Even if we haven’t succeeded, I still believe that the economic and moral case for keeping Primrose Hill open is so powerful that we can convince the council that there is a better way.
I quite understand why people often feel that consultations are meaningless and a waste of time when they are conducted in the way that the consultation on Primrose Hill was.
There was not a single person in thousands of responses that wanted the outcome that has now been proposed.
It’s hardly surprising that people often feel that these decisions are a done deal.
In spite of my cynicism about consultations, I now have the job of trying to persuade you to take part in one.
At the moment, our neighbourhood planning group is meeting every other Wednesday and we are nearly ready to start our next phase of community involvement.
We are preparing a leaflet and questionnaire that will tell you all about the neighbourhood plan, why we’re preparing one, who’s involved, what we’ve done so far and what will happen next.
We’ll also have a series of questions to find out your views on key issues that affect the town such as education, leisure, healthcare, roads, housing, working and shopping.
It will be your views that shape the plan for our town over the next 15–20 years and it is crucial that as many people respond as possible in order that we can reflect the views of the town as a whole.
The consultation will be open throughout November and we will be delivering a leaflet and questionnaire to every house in Wetherby.
You will be able to respond by either filling in the questionnaire and dropping it to one of a number of drop off points in town; fill it in on line or alternatively, we will be holding an open day when you can come and ask questions and look at our background research in more detail and complete your response.
We still need more volunteers, especially to help us deliver the leaflets.

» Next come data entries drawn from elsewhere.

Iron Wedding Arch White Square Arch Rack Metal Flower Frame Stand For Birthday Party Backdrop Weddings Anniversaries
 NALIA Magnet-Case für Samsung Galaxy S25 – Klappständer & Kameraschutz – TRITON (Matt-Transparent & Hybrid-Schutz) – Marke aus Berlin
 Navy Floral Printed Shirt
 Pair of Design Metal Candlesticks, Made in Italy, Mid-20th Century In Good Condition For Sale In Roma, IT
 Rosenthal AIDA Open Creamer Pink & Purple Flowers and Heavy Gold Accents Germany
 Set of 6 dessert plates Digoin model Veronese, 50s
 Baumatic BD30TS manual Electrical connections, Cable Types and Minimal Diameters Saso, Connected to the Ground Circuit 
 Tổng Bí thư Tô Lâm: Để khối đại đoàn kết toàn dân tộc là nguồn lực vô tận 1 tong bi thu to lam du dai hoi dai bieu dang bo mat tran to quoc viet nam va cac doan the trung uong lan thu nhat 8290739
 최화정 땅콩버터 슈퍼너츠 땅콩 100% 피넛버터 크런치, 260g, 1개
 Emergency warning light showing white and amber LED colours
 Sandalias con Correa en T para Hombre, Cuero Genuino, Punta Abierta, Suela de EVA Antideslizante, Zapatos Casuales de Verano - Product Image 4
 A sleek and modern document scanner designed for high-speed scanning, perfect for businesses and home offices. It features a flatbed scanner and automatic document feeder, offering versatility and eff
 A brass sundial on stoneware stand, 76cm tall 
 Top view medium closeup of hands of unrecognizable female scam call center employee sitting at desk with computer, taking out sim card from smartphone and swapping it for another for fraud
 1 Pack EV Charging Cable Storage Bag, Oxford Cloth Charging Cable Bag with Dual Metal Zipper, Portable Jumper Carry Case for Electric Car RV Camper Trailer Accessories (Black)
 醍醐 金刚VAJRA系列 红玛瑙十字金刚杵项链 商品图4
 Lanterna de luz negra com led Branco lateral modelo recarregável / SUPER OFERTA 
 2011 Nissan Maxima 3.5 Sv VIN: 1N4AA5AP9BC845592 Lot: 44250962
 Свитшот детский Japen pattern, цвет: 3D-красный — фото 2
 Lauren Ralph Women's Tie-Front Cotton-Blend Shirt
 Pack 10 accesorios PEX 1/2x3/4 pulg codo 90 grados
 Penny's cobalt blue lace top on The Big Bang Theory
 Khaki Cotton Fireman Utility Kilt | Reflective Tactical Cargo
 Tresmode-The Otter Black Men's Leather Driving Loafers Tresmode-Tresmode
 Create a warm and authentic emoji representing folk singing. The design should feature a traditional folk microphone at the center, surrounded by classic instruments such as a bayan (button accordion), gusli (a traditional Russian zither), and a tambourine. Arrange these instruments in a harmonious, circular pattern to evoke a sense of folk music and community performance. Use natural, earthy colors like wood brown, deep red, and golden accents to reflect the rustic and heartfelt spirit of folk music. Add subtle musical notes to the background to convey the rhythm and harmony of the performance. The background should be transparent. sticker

If you would like to be involved or feel you could help in any way, please drop me a line or pop into the Town Hall and leave your details and I will get back in touch with you.
We have a fantastic team that support our Town Council that work out of the Town Hall.
Thankfully, they help to keep me organised and make sure that everything gets done that needs to be done.
I’m pretty certain that I’m not the easiest person to support as I’m generally quite disorganised, very forgetful and have an impulsive tendency to have grand ideas that suddenly create a whole load of work for a lot of people.
I think the words our town clerk dreads hearing the most are “I’ve had a brilliant idea!”
Thankfully, whatever wacky ideas I have, she and her team are always up to the task of delivering it.
One such idea was to approach the Mayoral Christmas Cards in a different way.
I wanted to involve some of the town’s children and also try to raise some money for my chosen charity, Martin House Children’s Hospice.
I wasn’t too keen on having a drawing competition for the selfish reason that I would make the winner very happy and upset everybody else!
What I’ve decided to do, is have blank cards printed and each one will be uniquely designed by one of our primary school children.
The designer will sign it and I will personally sign each one and go and visit the children to thank them for their work.
I should warn the recipients in advance, that I will be suggesting that you might like to donate a couple of pounds to Martin House in recognition of the Children’s efforts.
Why am I telling you this in the middle of September I hear you ask?
It’s such a task to organise that the clerk had to begin this week.